» INSTRUCTIONS TO FOLLOW
From the line containing "White camper van" down to the line containing "Young woman using" in the records below, reproduce every line exactly, ends included, and omit all others.

» EXERCISE MATERIAL
____
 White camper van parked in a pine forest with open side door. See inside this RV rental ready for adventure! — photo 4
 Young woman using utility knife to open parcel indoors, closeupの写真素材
____
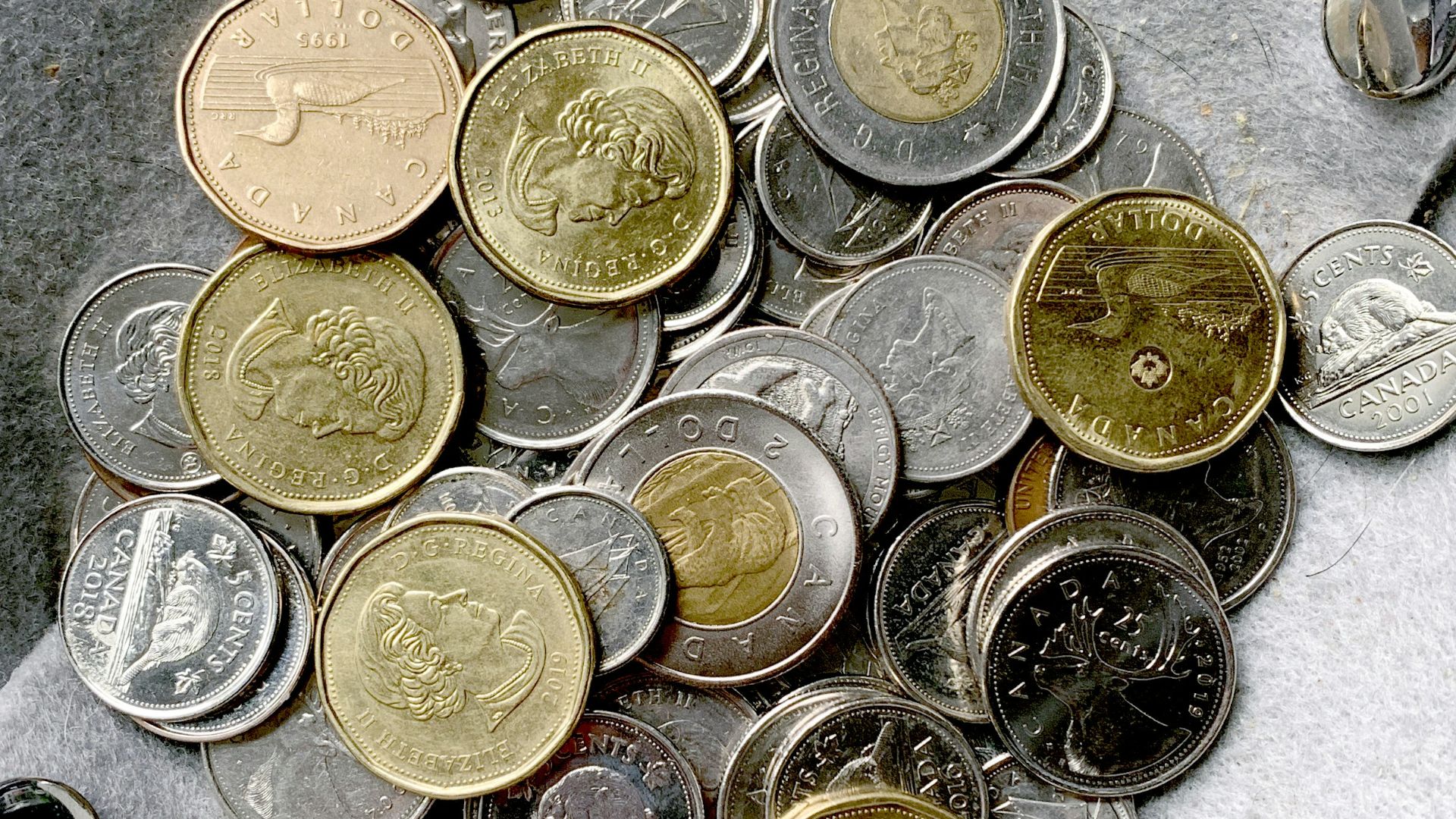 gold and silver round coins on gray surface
____
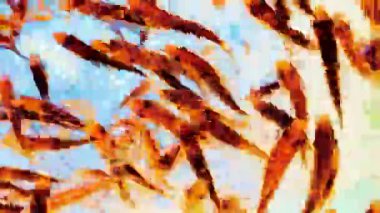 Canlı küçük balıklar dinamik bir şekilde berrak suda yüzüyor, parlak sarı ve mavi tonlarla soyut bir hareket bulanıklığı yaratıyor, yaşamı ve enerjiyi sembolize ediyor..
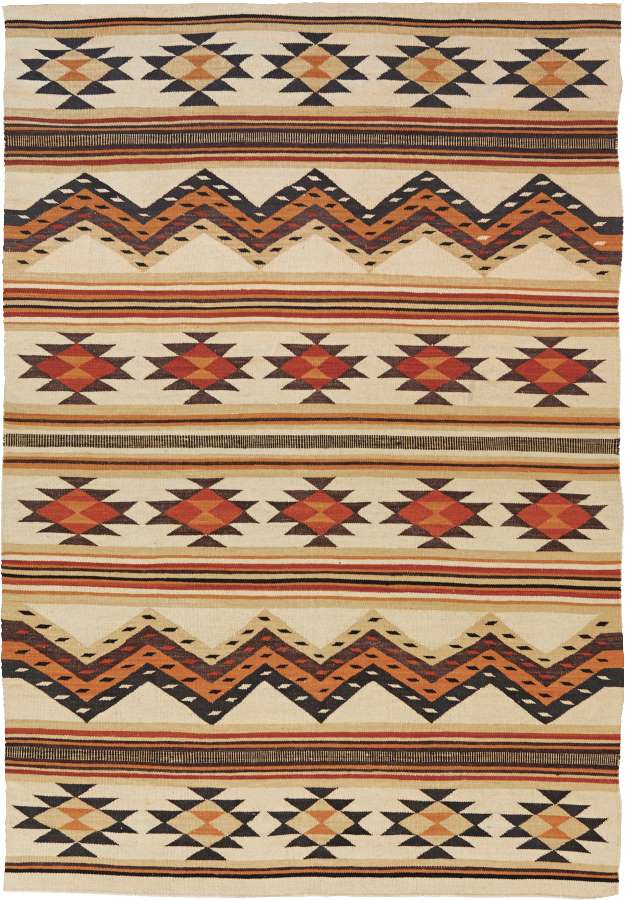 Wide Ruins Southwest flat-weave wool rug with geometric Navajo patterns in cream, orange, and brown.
____
» OUTPUT BELOW
 White camper van parked in a pine forest with open side door. See inside this RV rental ready for adventure! — photo 4
 Young woman using utility knife to open parcel indoors, closeupの写真素材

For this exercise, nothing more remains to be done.